**Task instructions:** All lines below starting at the one that holds "Beautiful modern terrace" and ending at the one that holds "Pixxprint Glasbild schöner" should be printed exactly, ends included. Pictures should not be printed, nor anything else.

**Input for this task:**
- Opening Delimiter -
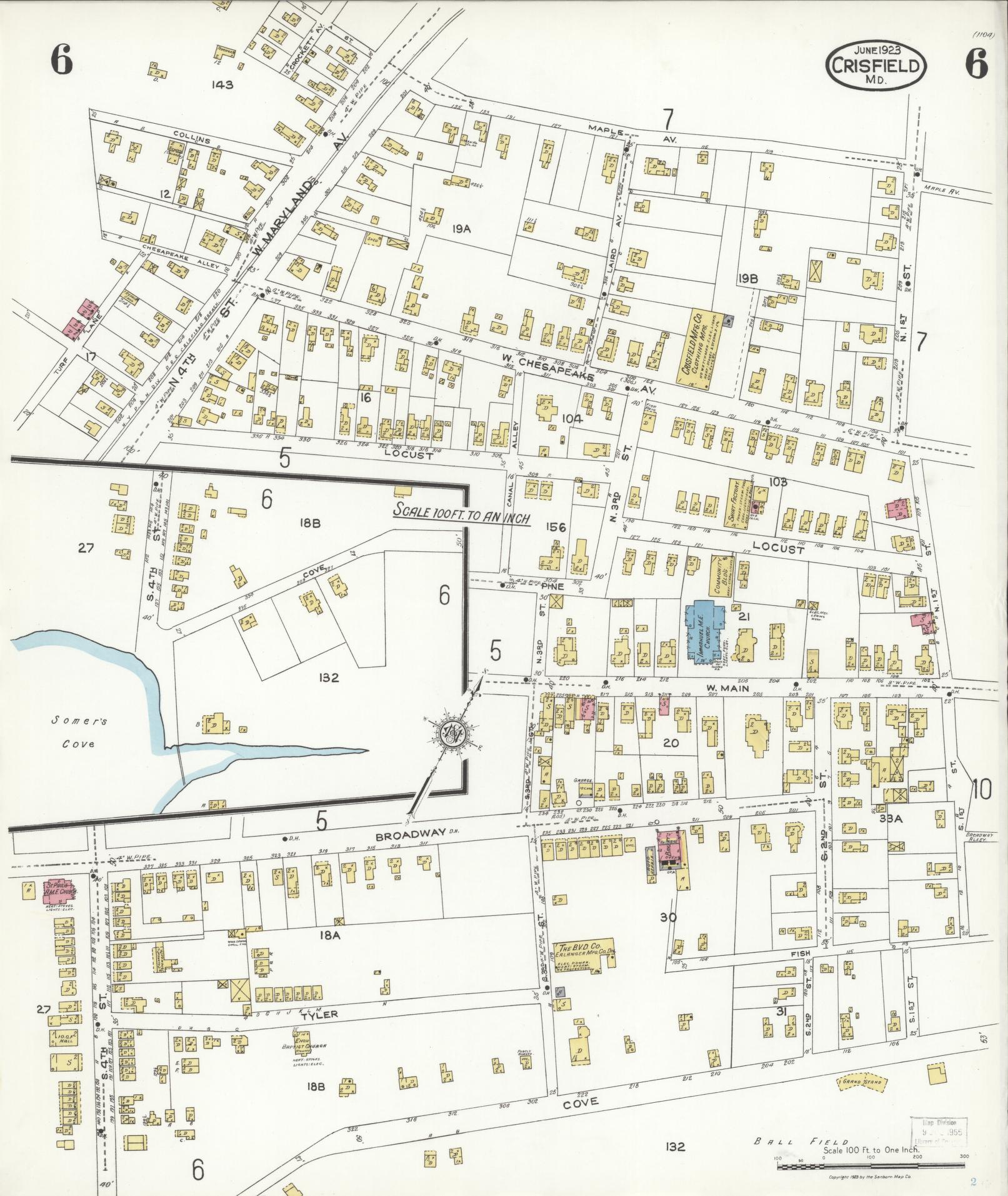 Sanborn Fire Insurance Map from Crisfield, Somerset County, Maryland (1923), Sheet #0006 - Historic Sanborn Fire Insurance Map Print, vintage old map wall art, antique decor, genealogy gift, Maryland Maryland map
- Closing Delimiter -
- Opening Delimiter -
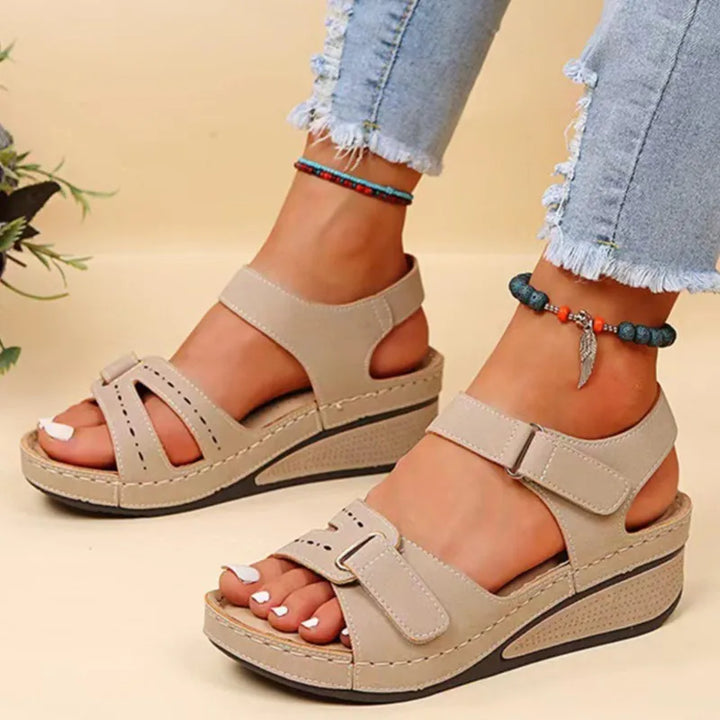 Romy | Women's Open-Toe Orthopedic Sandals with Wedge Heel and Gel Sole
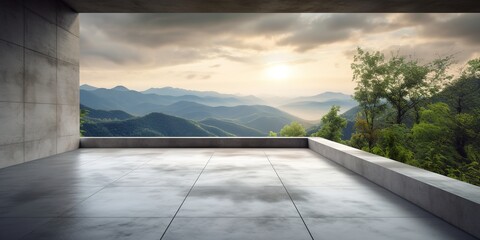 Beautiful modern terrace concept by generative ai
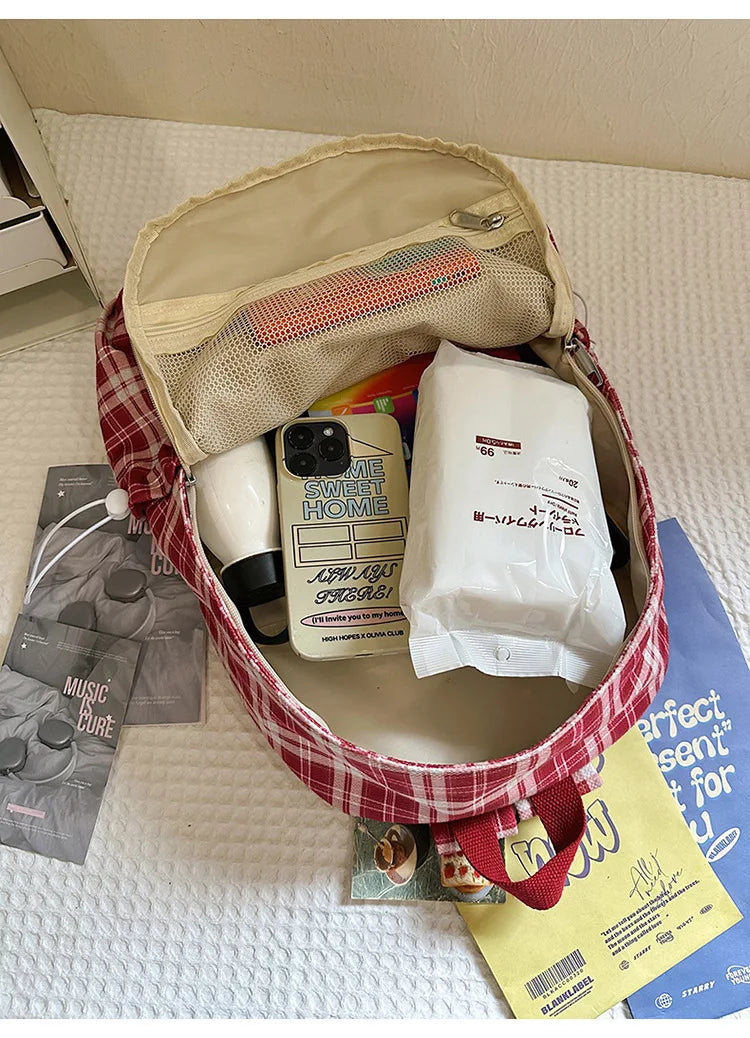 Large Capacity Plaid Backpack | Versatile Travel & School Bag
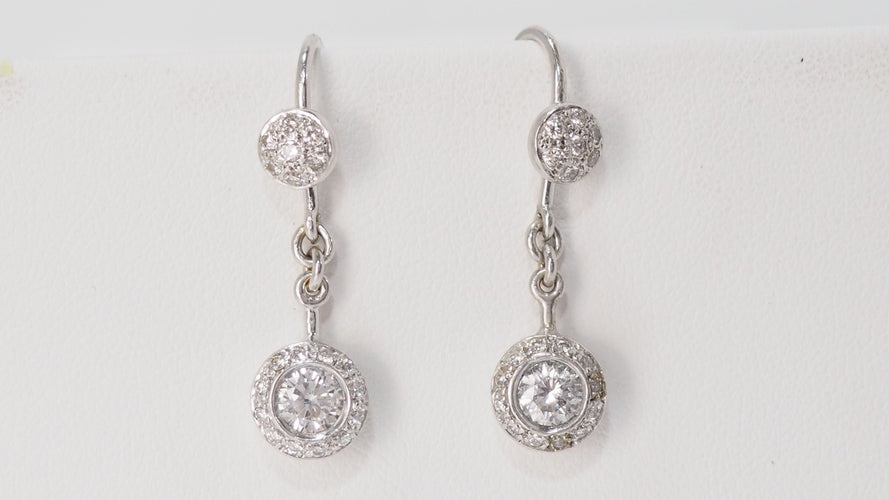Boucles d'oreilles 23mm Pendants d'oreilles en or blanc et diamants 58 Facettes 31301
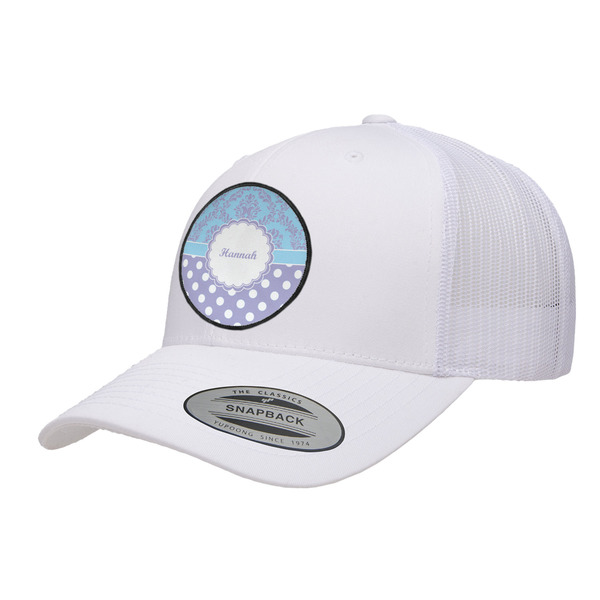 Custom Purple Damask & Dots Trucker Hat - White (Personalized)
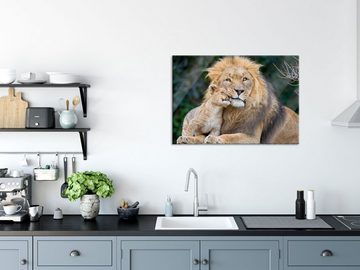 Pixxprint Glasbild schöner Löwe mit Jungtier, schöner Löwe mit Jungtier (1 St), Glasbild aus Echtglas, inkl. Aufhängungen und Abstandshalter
- Closing Delimiter -
**Task solution:**
 Beautiful modern terrace concept by generative ai
 Large Capacity Plaid Backpack | Versatile Travel & School Bag
Boucles d'oreilles 23mm Pendants d'oreilles en or blanc et diamants 58 Facettes 31301
 Custom Purple Damask & Dots Trucker Hat - White (Personalized)
 Pixxprint Glasbild schöner Löwe mit Jungtier, schöner Löwe mit Jungtier (1 St), Glasbild aus Echtglas, inkl. Aufhängungen und Abstandshalter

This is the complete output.